Subject to rules of court and to this or any other Act:
costs are in the discretion of the court, and
the court has full power to determine by whom, to whom and to what extent costs are to be paid, and
the court may order that costs are to be awarded on the ordinary basis or on an indemnity basis.
 That general power is cut down by UCPR r 42.3:
Powers of the court generally
Subject to r 42.27, the court may not, in the exercise of its powers and discretions under s 98 of the Civil Procedure Act 2005 , make any order for costs against a person who is not a party.
This rule does not limit the power of the court:
to make an order for payment, by a relator in proceedings, of the whole or any part of the costs of a party to the proceedings, or
to make an order for payment, by a person who:
is bound by an order made, or judgment given, by the court in proceedings or is bound by an undertaking given to the court in proceedings, and
fails to comply with the order or the judgment or breaches the undertaking,
of the whole or any part of the costs of a party to the proceedings occasioned by the failure or the breach, or
to make an order for payment, by a person who has committed contempt of court or an abuse of process of the court, of the whole or any part of the costs of a party to proceedings occasioned by the contempt or abuse of process, or
to make an order for costs against a person who purports, without authority, to conduct proceedings in the name of another person, or
to make an order for costs against a person who commences or carries on proceedings, or purports to do so, as an authorised director of a corporation, or
in the case of proceedings in the Land and Environment Court, to make an order for costs against a person who carries on proceedings as a party’s agent, or
to make an order of the kind referred to in rule 42.27, or
to make an order for costs in exercise of its supervisory jurisdiction over its own officers, including solicitors, barristers and court appointed liquidators.
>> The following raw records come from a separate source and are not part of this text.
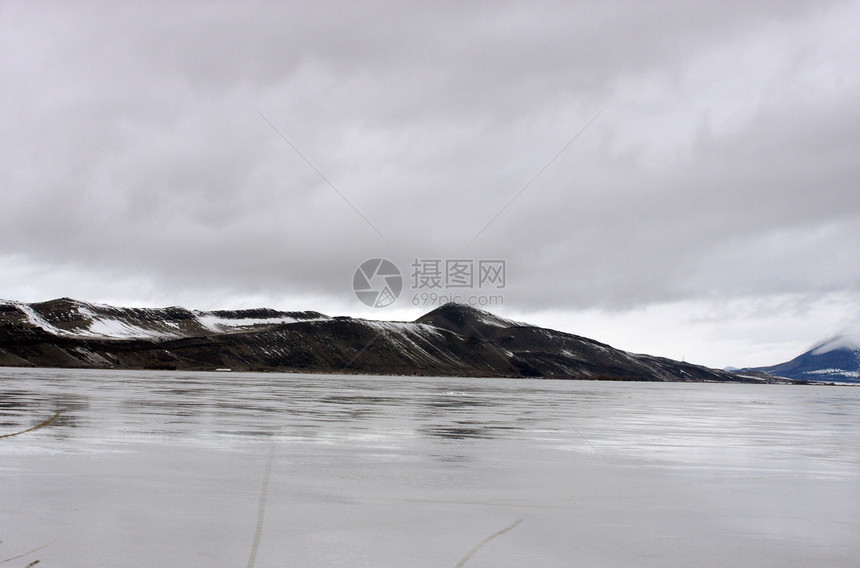 照片来自加州国家野生动物保护区CA阳光池塘溪流反射图片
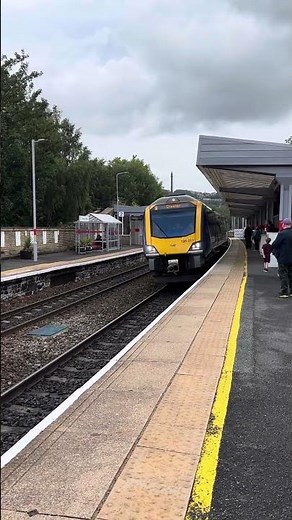 Northern 195011 arrives at Sowerby Bridge with a train towards Chester + Wave from driver! #train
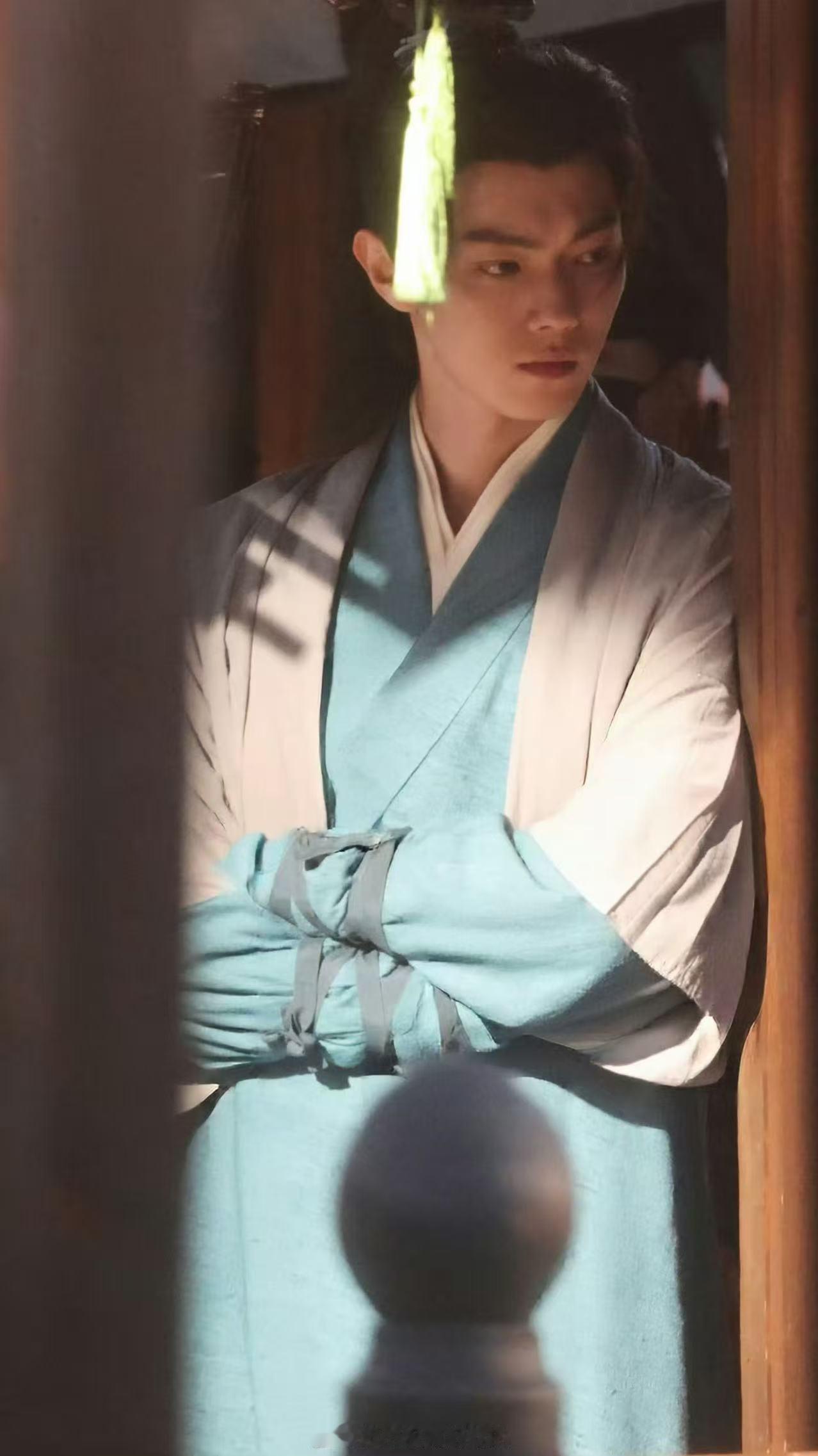 许凯天都异闻录第三套造型路透许凯天都异闻录第三套造型许凯天都异闻录第三套造型，咋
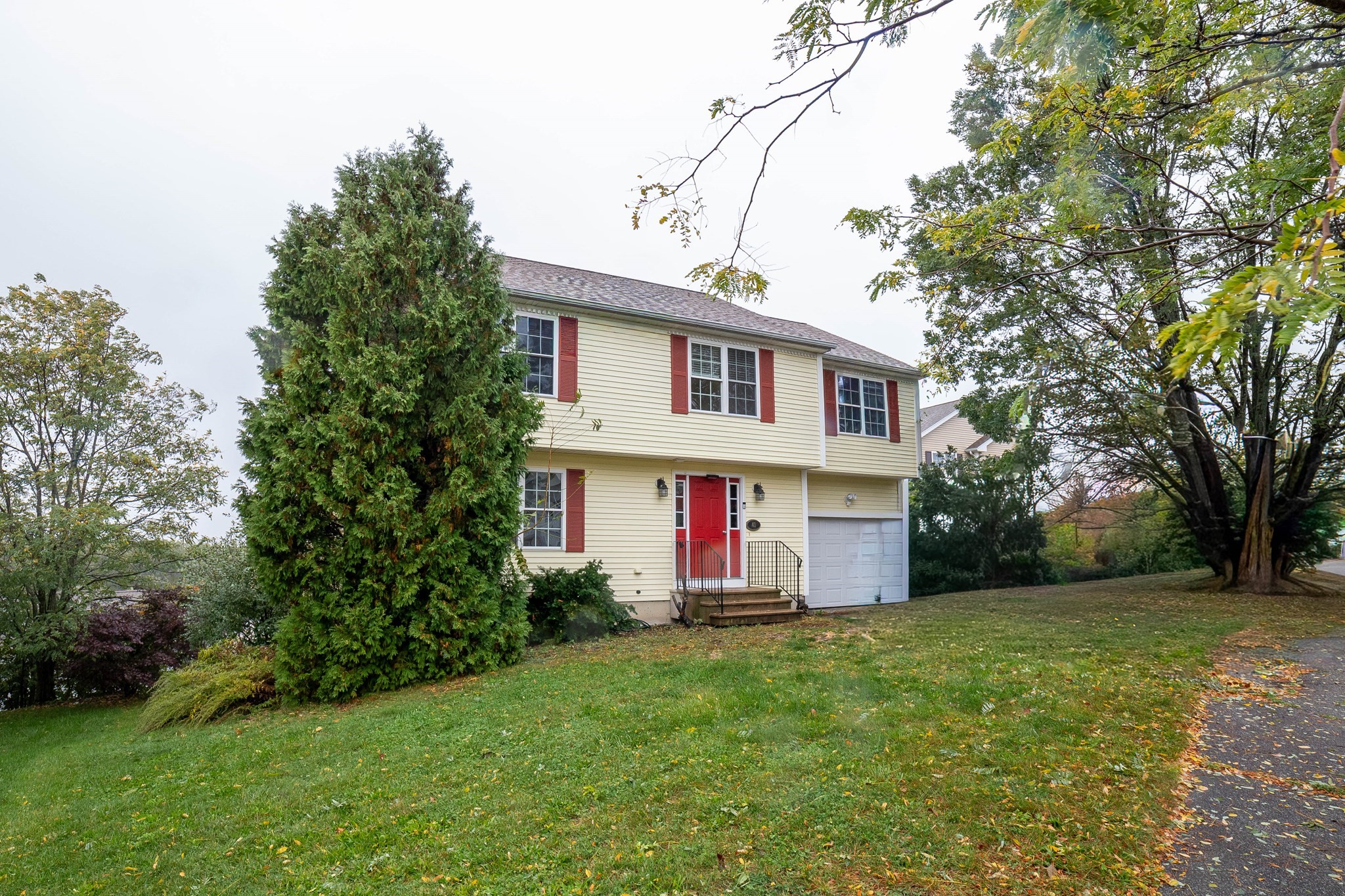 41 Mohave Road, Worcester, MA 01606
 The court’s power to make a costs order against a legal practitioner is found in s 99(1), (2) of the Civil Procedure Act:
Liability of legal practitioner for unnecessary costs.
This section applies if it appears to the court that costs have been incurred:
by the serious neglect, serious incompetence or serious misconduct of a legal practitioner, or
improperly, or without reasonable cause, in circumstances for which a legal practitioner is responsible.
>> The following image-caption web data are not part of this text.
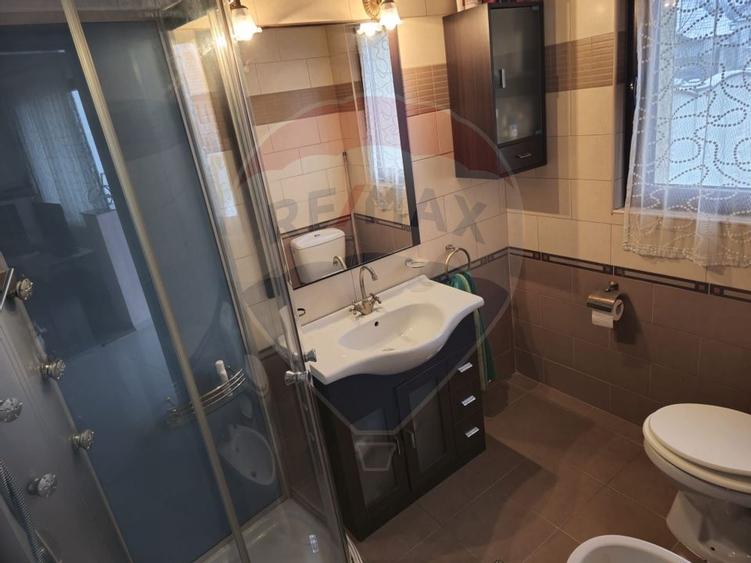 CASA SPATIOASA SI PRIMITOARE IN CENTRUL ORASULUI  AVRIG JUD,  SIBIU - 31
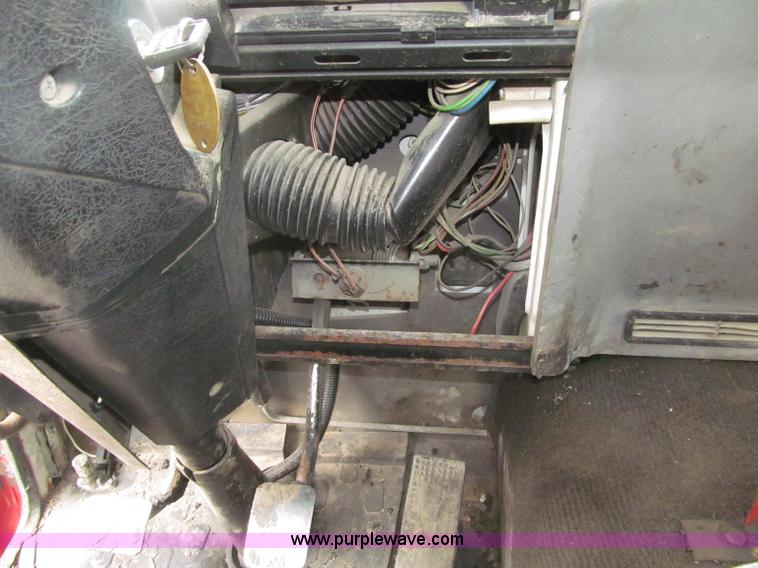 image for item D7379 1988 Volvo FE615 distributor truck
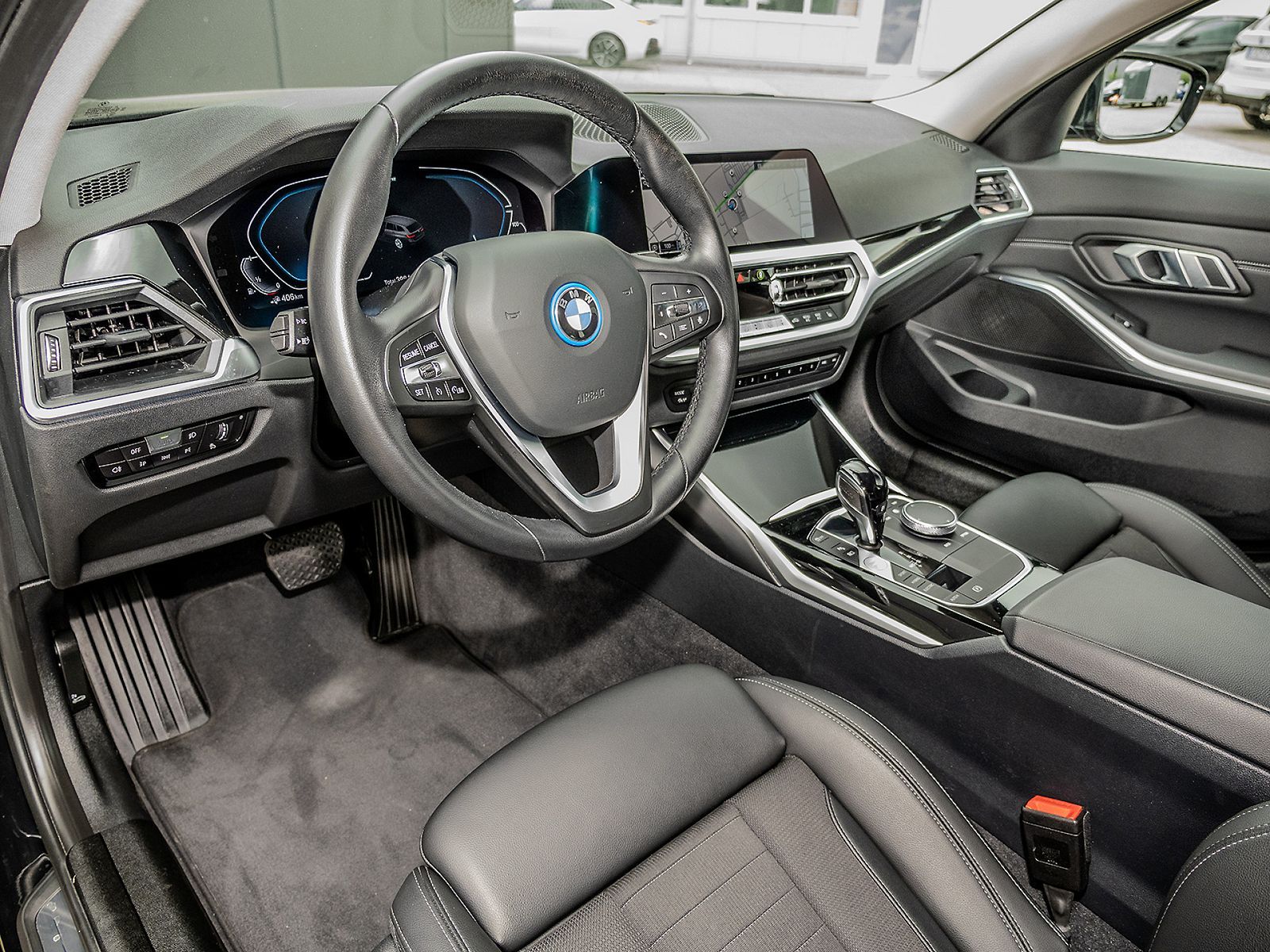 BMW 320eA Touring Sport Line - Samsaru's Car Outlet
After giving the legal practitioner a reasonable opportunity to be heard, the court may do any one or more of the following:
it may, by order, disallow the whole or any part of the costs in the proceedings:
in the case of a barrister, as between the barrister and the instructing solicitor, or as between the barrister and the client, as the case requires, or
in the case of a solicitor, as between the solicitor and the client,
it may, by order, direct the legal practitioner:
in the case of a barrister, to pay to the instructing solicitor or client, or both, the whole or any part of any costs that the instructing solicitor or client, or both, have been ordered to pay to any other person, whether or not the solicitor or client has paid those costs, or
in the case of a solicitor, to pay to the client the whole or any part of any costs that the client has been ordered to pay to any other person, whether or not the client has paid those costs,
it may, by order, direct the legal practitioner to indemnify any party (other than the client) against costs payable by that party.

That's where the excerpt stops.